- **Required action**
Output the whole listing exactly, with no pictures.

- **Data section**
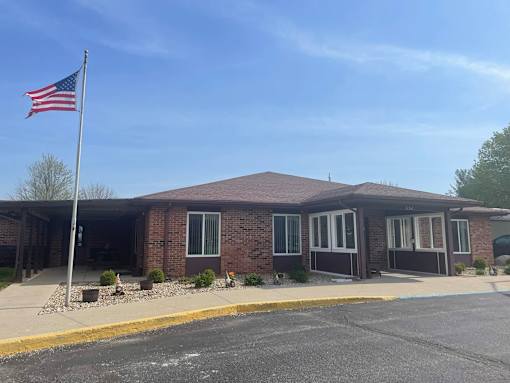 A building with a flag on top of a pole.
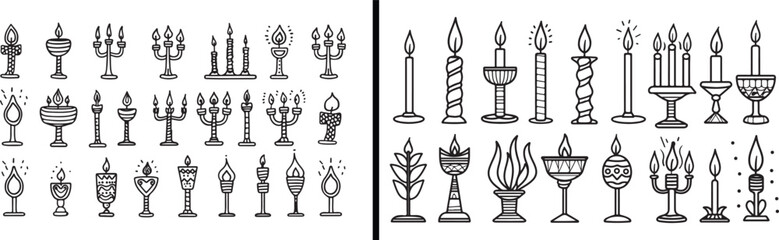 Candle Line Art, Lamp Outline Design, Vintage Candle Illustration, Decorative Light Drawing, Hand Drawn Candle Vector, Minimal Flame Art, Candle Holder Sketch, Festive Lamp Illustration, Black and Whi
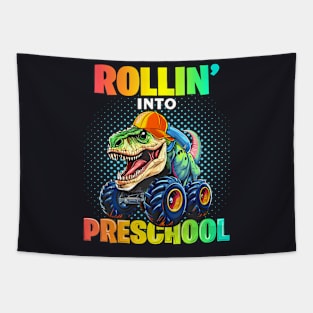 Preschool Dinosaur Monster Truck Back To School First Day Tapestry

- **Your response**
 A building with a flag on top of a pole.
 Candle Line Art, Lamp Outline Design, Vintage Candle Illustration, Decorative Light Drawing, Hand Drawn Candle Vector, Minimal Flame Art, Candle Holder Sketch, Festive Lamp Illustration, Black and Whi
 Preschool Dinosaur Monster Truck Back To School First Day Tapestry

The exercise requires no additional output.